Starring Viola Davis, Maggie Gyllenhaal. Written by Brin Hill, Daniel Barnz. Directed by Daniel Barnz. G. 121 min.
A blustery but sometimes convincing drama about concerned parents and teachers who campaign to take control of an ailing elementary school in Pittsburgh, Won’t Back Down is a film with an array of agendas, some more overt than others. The most obvious is inspiring more viewers to engage with the ongoing crisis in American public education, a mission it shares with recent edu-docs like Waiting for Superman. As for one of the less explicit aims, it may also usher in a new wave of earnest dramas named after Tom Petty songs. Sure, it’s going to be a challenge to build a movie out of “Even the Losers,” but “Don’t Do Me Like That” pretty much writes itself.

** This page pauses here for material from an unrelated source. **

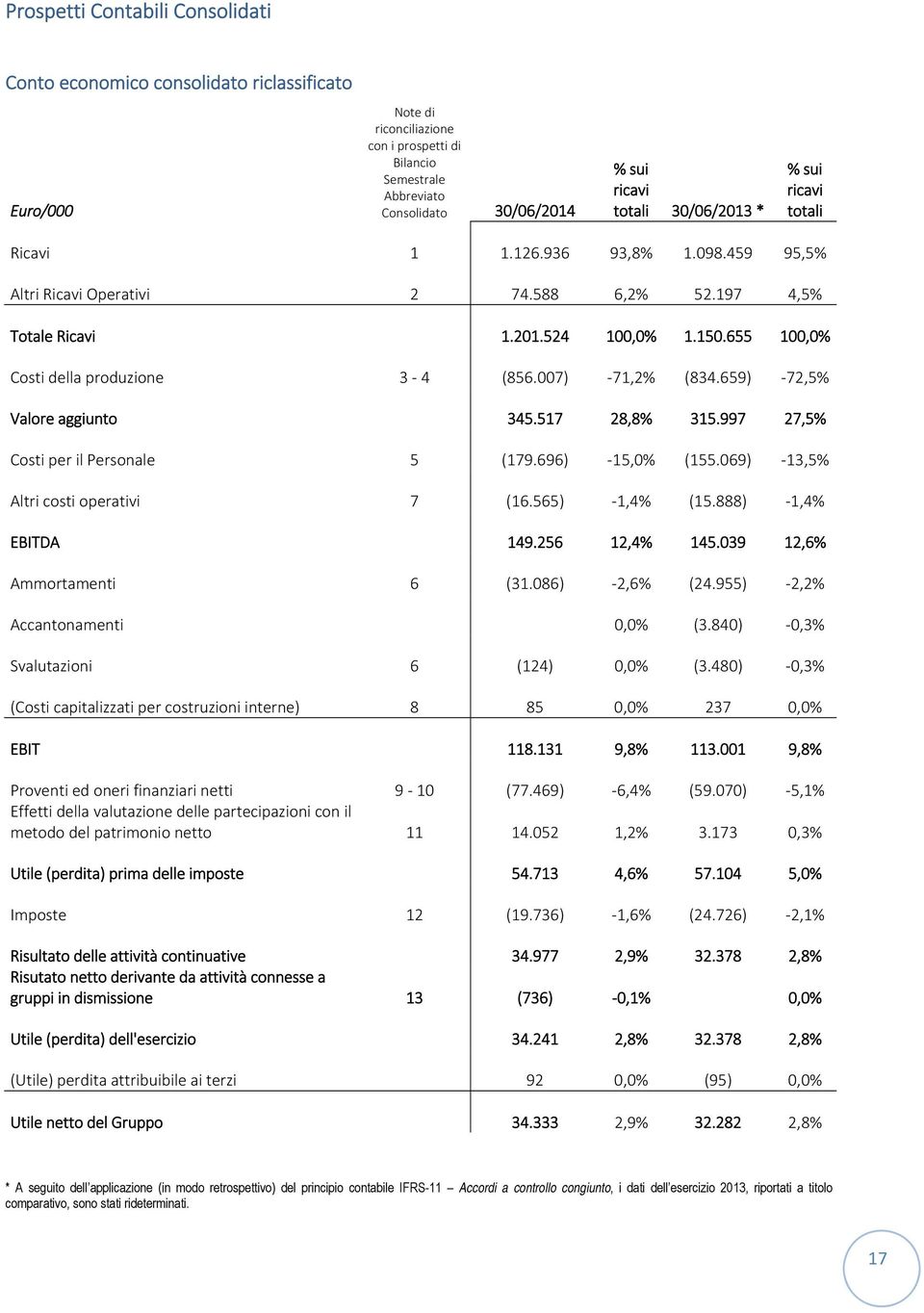 655 100,0% Costi della produzione 3 4 (856.007) 71,2% (834.659) 72,5% Valore aggiunto 345.517 28,8% 315.997 27,5% Costi per il Personale 5 (179.696) 15,0% (155.069) 13,5% Altri costi operativi 7 (16.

To confuse matters, Won’t Back Down’s soundtrack favours “Learning to Fly” over the title song for its choice of inspirational Petty anthem. But Daniel Barnz’s film is otherwise admirable for its lack of easy uplift in its efforts to contend with a complex problem, at least until it’s undone by an excess of cornball melodramatics and union-bashing polemical assaults.
It’s also classed up by two very strong lead performances. Played by Maggie Gyllenhaal as a brassy Erin Brockovich type minus the cleavage, Jamie is a working-class single mom who’s determined to find a better situation for her dyslexic daughter than the one at her dire school. Jamie’s pluck invigorates Nona (Viola Davis), a teacher who wants better for her students and her own son than indifferent classes taught by “checked-out zombies” who only care about their paycheques. Their noble campaign to take over the school is nearly derailed by a nasty counter-offensive by the teachers’ union, which the movie portrays in such villainous terms that the ghost of Ayn Rand deserves a co-writing credit.

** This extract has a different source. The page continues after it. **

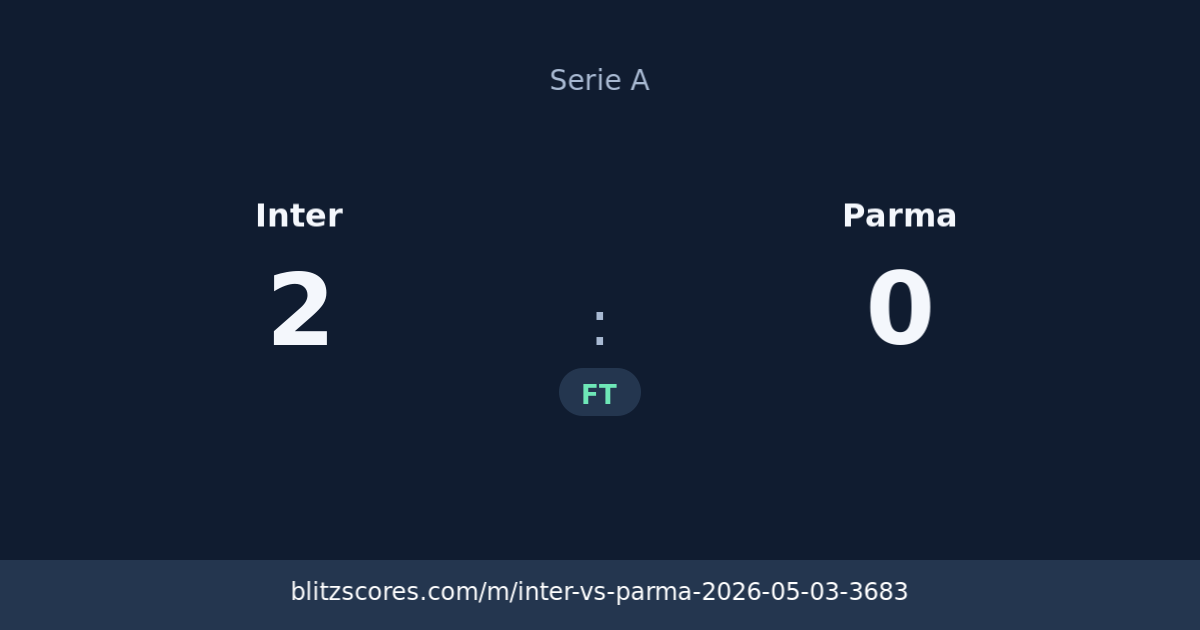 Inter vs Parma score card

Nevertheless, the social-issue drama of any political stripe has become such a rare species in Hollywood cinema that Won’t Back Down is weirdly fascinating. At its grittiest, it might even pass for a descendant of ‘70s rabble-rousers like Norma Rae, albeit without any of the cusswords or adult content that might’ve muddied the wholesome image of the new film’s backer, Walden Media. And though its take on the topic is ultimately too simplistic, Gyllenhaal and Davis so strongly convey their characters’ terror of failing their kids, Won’t Back Down has the potency of a horror movie for grown-ups.